The Bengals have five safeties on their off-season roster. With two starters returning last season (Madieu Williams and Dexter Jackson), the depth-chart rounds out with John Busing, Herana-Daze Jones and Ethan Kilmer. Anthony Mitchell is an unrestricted free agent that missed all of last season.

Defense works in coordination -- like the offense (hello, Mr. Obvious). If one group fails, it makes it difficult for the other positions. For example, if you have two average cornerbacks, the safeties have to sit deep and the linebackers have to sit underneath. Average cornerbacks force the defense to play zone limiting the exposure in the secondary.

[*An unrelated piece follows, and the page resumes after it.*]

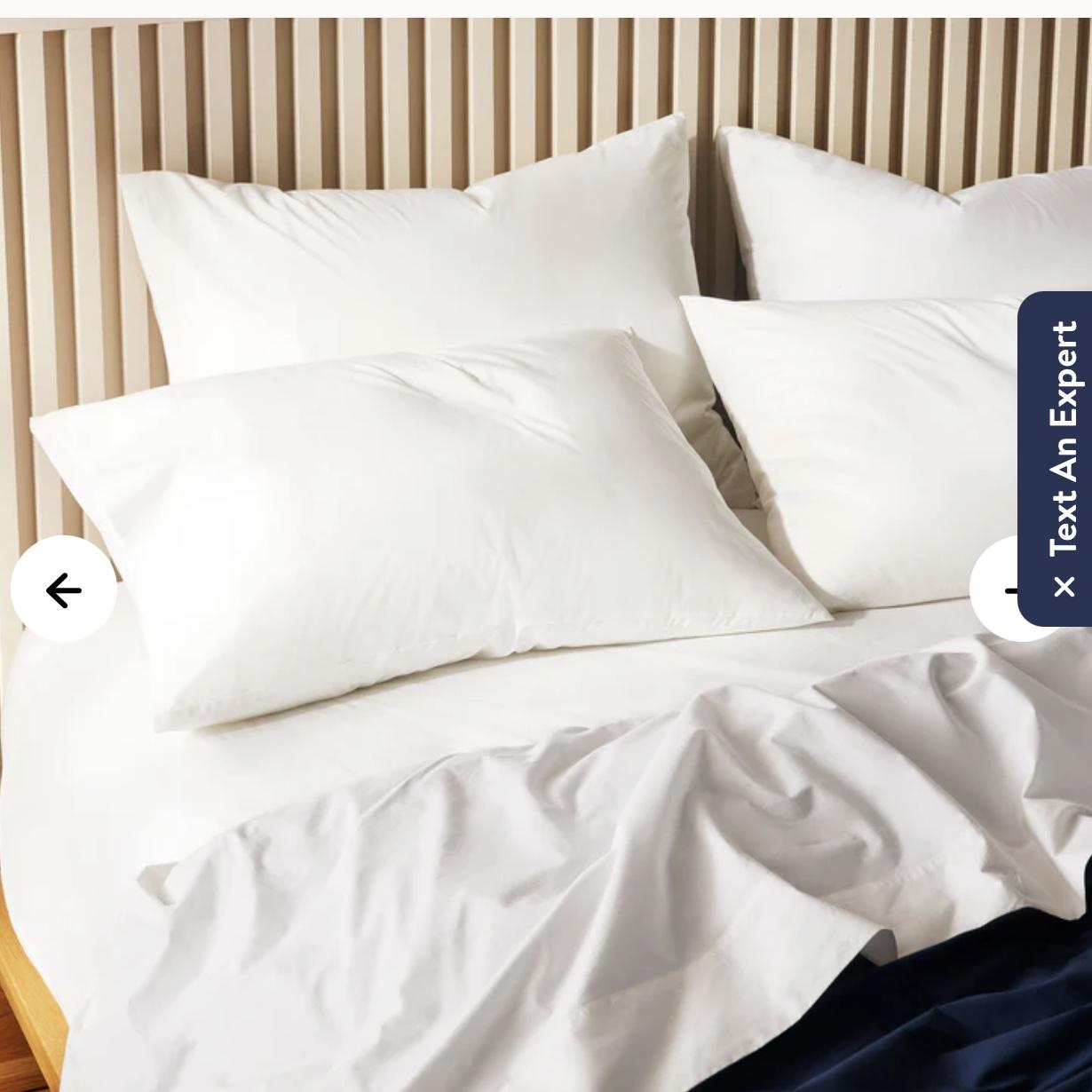 Classic Percale Core Sheet Set - King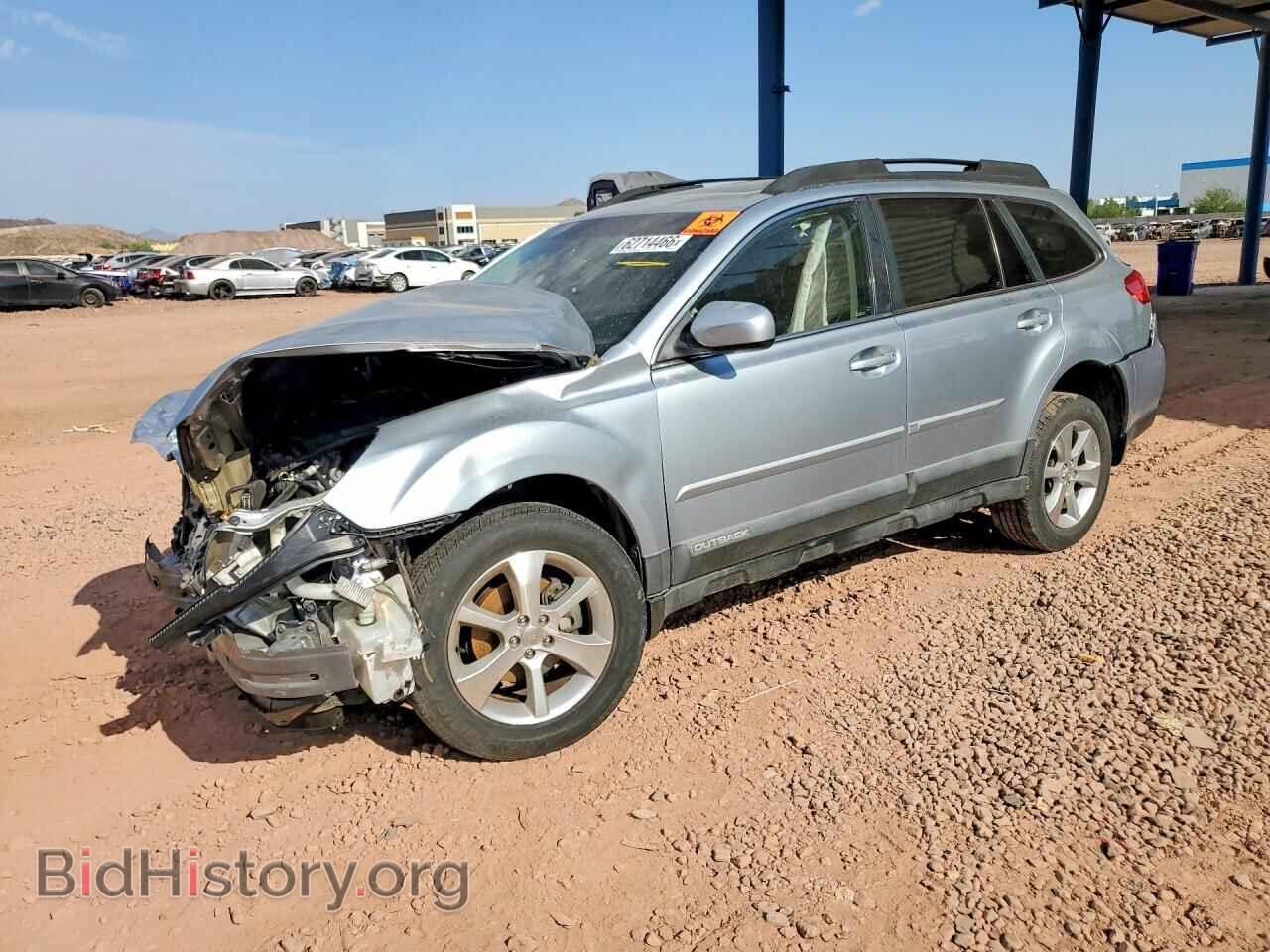 Фотография 4S4BRCLC1E3207858 - SUBARU OUTBACK 2014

Coincidently, if you have weak safeties under a zone scheme, they will have to defend against speedy receivers one-on-one. That spells disaster. And if the run defense struggles, you'll have to cheat bringing a safety into the box exposing the pass defense.

If you have two strong cornerbacks on defense, it allows your safeties to do more. A strong safety can cheat up in the box while the free safety sits in centerfield. It allows your linebackers to blitz more freely and think run first. Two strong cornerbacks force quarterbacks to hold onto the football a split second longer increasing sack totals. Two strong cornerbacks will make play-action a little less effective.

Picking up a strong cornerback in the draft to play opposite Jonathan Joseph, could instantly improve the secondary. Tory James is in a point of his career that he should be a Nickleback -- if not retired (Marvin Lewis has reiterated that James won't be back). Deltha O'Neal is one match away from burning his Brent Spence Bridge; the Bengals are shopping him around. Keiwan Ratliff has been one of the biggest disappointments in the Marvin Lewis era drafts.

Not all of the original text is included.